Every time I read these titles, I wonder if people are for some reason pushing the narrative that Claude is way smarter than it really is, or if I'm using it wrong.
They want me to code AI-first, and the amount of hallucinations and weird bugs and inconsistencies that Claude produces is massive.
Lots of code that it pushes would NOT have passed a human/human code review 6 months ago.
I replicated this experiment on several production codebases and got several crits. Lots of dupes, lots of false positives, lots of bugs that weren't actually exploitable, lots of accepted/ known risks. But also, crits!
Interestingly, I think 3 or 4 out of the 5 bugs would have been prevented / mitigated quite well using https://github.com/anthraxx/linux-hardened patches...
(disabled io_uring, would have crashed the kernel on UAF, and made exploitation of the heap overflow very unreliable)
Those 3 letter agencies are going to see their stash of 0-days dwindle so hard.
Related work from our security lab:
Stream of vulnerabilities discovered using security agents (23 so far this year): https://securitylab.github.com/ai-agents/
Taskflow harness to run (on your own terms): https://github.blog/security/how-to-scan-for-vulnerabilities...
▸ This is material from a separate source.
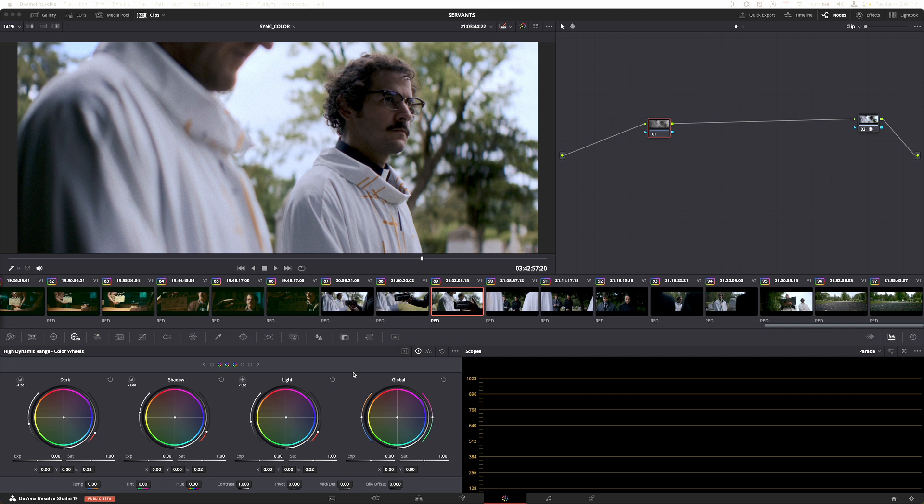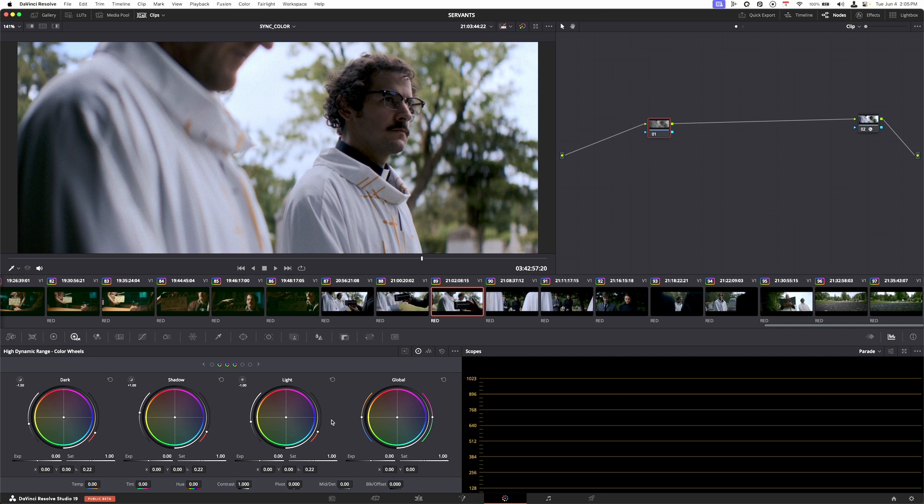Now one thing that people don't realize is that in the HDR color wheels you actually have to set your color space. This can be very important if you're working within a certain color space like DaVinci Intermediate with DaVinci Wide Gamut or whatever color space you may be working in.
I wonder about the "video running in the background" during qna of the talk:
https://youtu.be/1sd26pWhfmg?is=XLJX9gg0Zm1BKl_5
Did he write an exploit for the NFS bug that runs via network over USB? Seems to be plugging in a SoC over USB...?
Do not expect so many more reports. Expect so many more attacks ;)
> "given enough eyeballs, all bugs are shallow"
Time to update that:
"given 1 million tokens context window, all bugs are shallow"
I'm interested in the implications for the open source movement, specifically about security concerns. Anyone know is there has been a study about how well Claude Code works on closed source (but decompiled) source?
An explanation of the Claude Opus 4.6 linux kernel security findings as presented by Nicholas Carlini at unpromptedcon.
I hope next up is the performance and bloat that the LLMs can try and improve.
Especially on perf side I would wager LLMs can go from meat sacks what ever works to how do I solve this with best available algorithm and architecture (that also follows some best practises).
This does sound great, but the cost of tokens will prevent most companies from using agents to secure their code.
And with AI generating vulnerabilities at an accelerated pace this business is only getting bigger. Welcome to the new antivirus!
making public that AI is able of founding that kind of vulnerabilities is a big problem. In this case it's nice that the vulnerability has been closed before publishing but in case a cracker founds it, the result would be extremately different. This kind of news only open eyes for the crackers.
This isn't surprising. What is not mentioned is that Claude Code also found one thousand false positive bugs, which developers spent three months to rule out.
> Nicholas has found hundreds more potential bugs in the Linux kernel, but the bottleneck to fixing them is the manual step of humans sorting through all of Claude’s findings
No, the problem is sorting out thousands of false positives from claude code's reports. 5 out of 1000+ reports to be valid is statistically worse than running a fuzzer on the codebase.
Just sayin'
But on the other hand, Claude might introduce more vulnerability than it discovered.
A developer using Claude Code found this bug. Claude is a tool. It is used by developers. It should not sign commits. Neovim never tried to sign commits with me, nor Zed.
The title is a little misleading.
It was Opus 4.6 (the model). You could discover this with some other coding agent harness.
The other thing that bugs me and frankly I don't have the time to try it out myself, is that they did not compare to see if the same bug would have been found with GPT 5.4 or perhaps even an open source model.
Without that, and for the reasons I posted above, while I am sure this is not the intention, the post reads like an ad for claude code.
no hecking wayyy!!!! claude chud code!!!